# Software install using Group Policy and Removal



## Tony414 (Nov 21, 2006)

Hello,
I am hoping someone can shed some light on this. If I install a msi package using a group policy (assigned) and then I delete the group policy from the OU after it gets installed. It removes the application. Is this the way it should be? Is there anyway around this?

Thanks,
Tony


----------



## peterh40 (Apr 15, 2007)

There is an option within the policy to leave the application installed even if the computer leaves these scope of the policy.
Its just a tick box which you need to enable.


----------



## Tony414 (Nov 21, 2006)

Hi and thanks but there is no option like that if I don't click on "remove". I am just deleting the link from the OU. The policy is still there under "Group Policy Objects". Am I missing something when I created the policy?


----------



## peterh40 (Apr 15, 2007)

You have to open the GP Editor of the policy, expand Computer Policies, Software Distribution and double click on the application listed to view the extra options.


----------



## Tony414 (Nov 21, 2006)

Yes I understand that but that option isn't in there.
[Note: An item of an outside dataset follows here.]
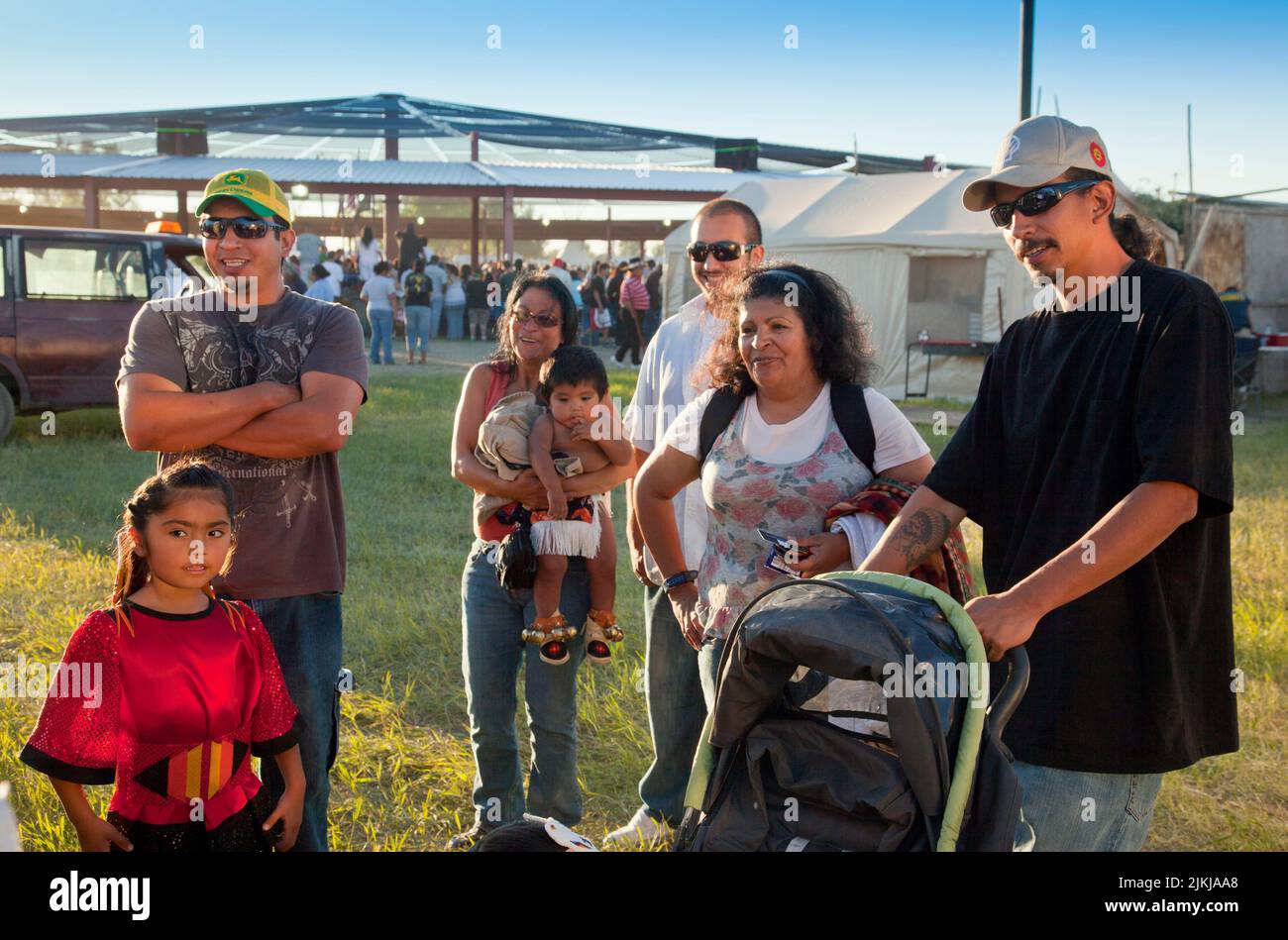 Groupe familial assister au Shoshone Bannock Indian Festival et Pow Wow, fort Hall, Idaho Banque D'Images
It's only in there if I right-click and select remove. I'm not sure if you're understanding my issue but thank you for the help. If you can attach a screenshot of exactly where you're talking about maybe I'm missing something. I attached a couple of screenshots. 

My question is still this. When I delete the link in the OU but keep the policy (don't delete policy) it removes the software. Maybe that's just the way it works?


----------